In Op 101 a convulsive flexibility courses through
the Sonata with consistently enlightening results; its grandiloquent
conclusion is full of affirmatory and triumphant playing. Op 109 though
begins with a degree of rather fussy and manicured phrasing before Levy
digs in and generates considerable reserves of drama and colour and
energy – his technique is not simply robust, it’s fantastic. In the
Prestissimo second movement he is, following the indication, very quick
but inner voicings are still brought out even at this speed and control
is marked and triumphant. The opening movement of Op 110 is hardly Moderato,
cantabile molto expressivo in Levy’s hands and there is instead his
by now accustomed disruptive and insistent phrasing. I hesitate to call
this mannerism because it seems to me that that conveys entirely the
wrong account of the meaning behind Levy’s Beethoven playing which is
entirely above such point scoring or laziness of rhythmic inflection.
It is powerfully thought out and absolutely engaged musicianship albeit
of the type that will provoke considerable negative reactions as well
as affirmatory ones.
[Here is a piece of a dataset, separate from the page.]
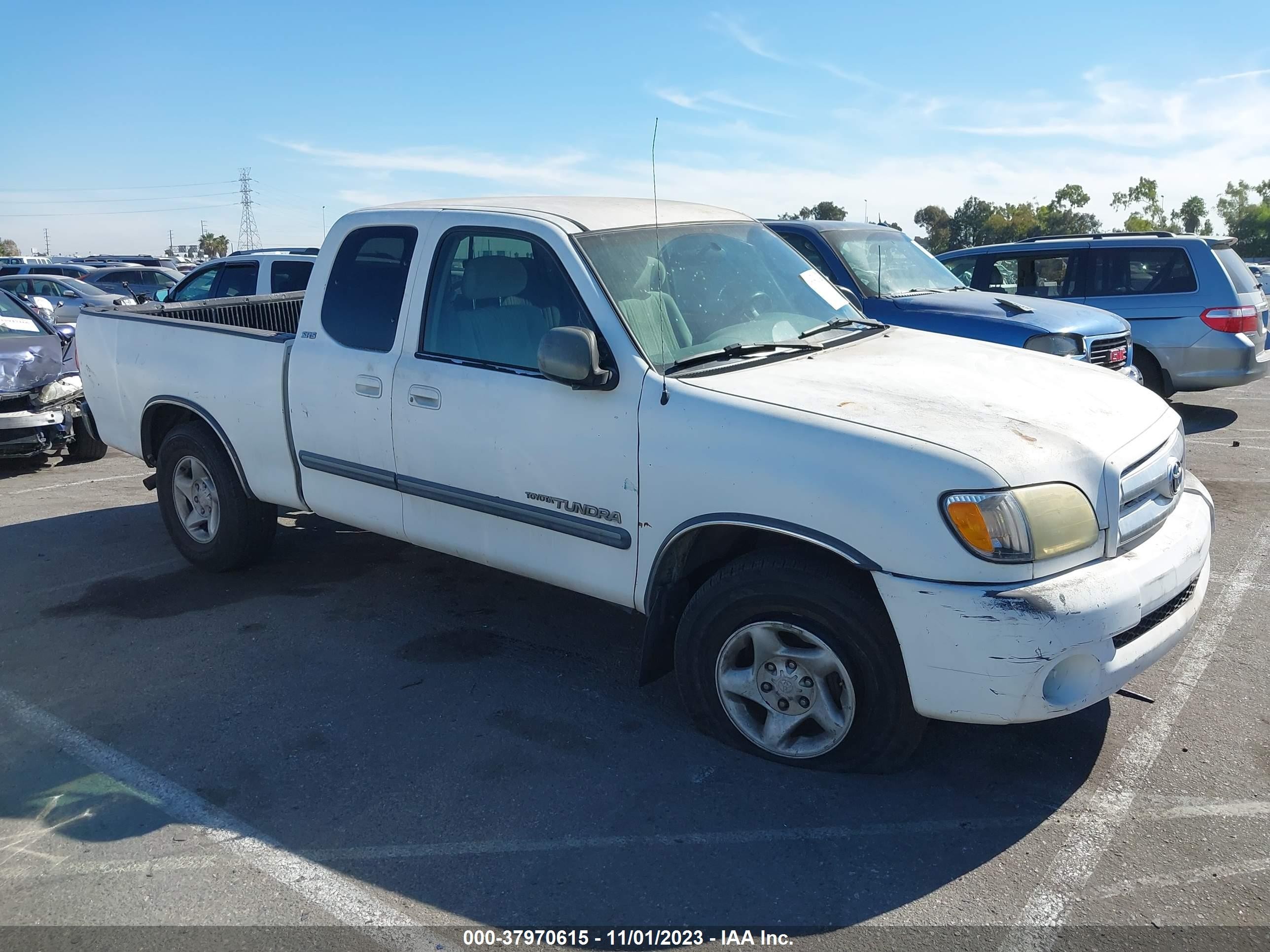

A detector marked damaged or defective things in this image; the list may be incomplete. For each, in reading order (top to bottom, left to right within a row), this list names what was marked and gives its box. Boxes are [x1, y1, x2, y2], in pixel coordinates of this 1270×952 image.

In the slow movement of the same movement for example
I found his vigorous accents rather unsettling and the whole of the
first part of the Adagio similarly hobbled – disjunct and undercut –
but he certainly picks up for the Fuga which is full of expressive clarity
– very special playing indeed.
His Haydn is romantic but not as wilful or idiosyncratic
as his Beethoven. The A Flat Sonata has delicious leading voices in
the opening movement and an elevated nobility in the second. The finale
points up the vivacity of Haydn’s writing. He catches the humour in
the B Minor but equally has the confidence and acuity in Haydn playing
to demonstrate true simplicity. The two final pieces are taken from
his rare c1929 Sonabel 78s.
Volume Two lives up to the expectations generated by
the earlier set. Levy is technically outstanding, architecturally and
intellectually probing, a musician of conviction and powerfully individualized
responses. For people who don’t know him – and that’s most people –
they can now more fully become acquainted with a pianist who treats
Beethoven as the colossus he is. In no small measure Marston adds to
the merit by virtue of transfer quality and notes – in this volume a
joint essay by Donald Manildi and Gregor Benko and a musical discussion
by Frank Cooper. Responses to Levy will be definitively polarised but
he’s a pianist who demands to be heard.